Because God enforces these sub-religions there is more to it than just simple intellectual differences. But individualities yet exist on a gradient. But if what you want out of a romantic relationship doesn't work with Satanistic ideals, well, you're not gonna be a Satanist. And Satanists will have children too - where first of all Satanistic principles would apply. And here I want to mention that I believe life with God to be more fluid than you might be able to fathom. Especially because a lot of the things I have to describe aren't all that 'fluid'. But naturally so. There would be more than one way to grow up as part of a Satanistic household; And specifically do I here want to address the potential 'flux' between religions. So, one might join a religion and thus leaving the one they grew up in. If someone gets raised as a slave that wouldn't want to be a slave we could talk about rape or child-abuse. For sure. But there should be more to it than just that unless the parents were simply stupid. That shouldn't divert us from looking for our ideals. "How" exactly that will happen I don't really know.

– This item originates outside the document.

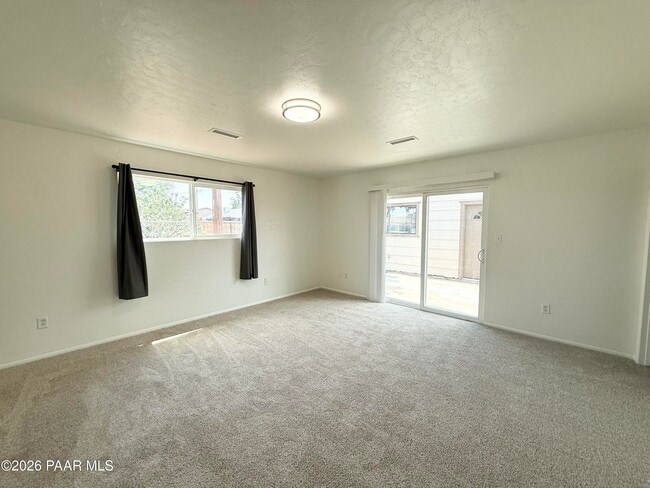 Building Photo - 4558 N Miner Rd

Generally speaking: Without any sub-religions we'd pick our intellectual leaders and that way get to have some 'infrastructure' where these discussions could emerge. Then we'd assemble in light of our sub-religions, again picking our intellectual leaders and then have more of an infrastructure to forward these discussions. Each sub-religion then would so experience some kind of 'redemption' from an abstract 'general norm'; And first of all there would be those aspects of our desires that aren't problematic - although primitive. Eventually things would evolve and more problematic issues would move to the top and be opened as items that 'brand' a specific religion.
On the 'lighter' side we would have idols and on the heavier side ... 'gore'. Because of me the 'victim' side came forth first and I guess that is as fair as it can get!

Would I have to live up to that? Well, that is the initial struggle of this segment. There's the way of 'whatever' on which I could excuse myself from these things; But the story is that I don't/wouldn't want to. So: Would I 'have to'? Well ... would I 'want' to?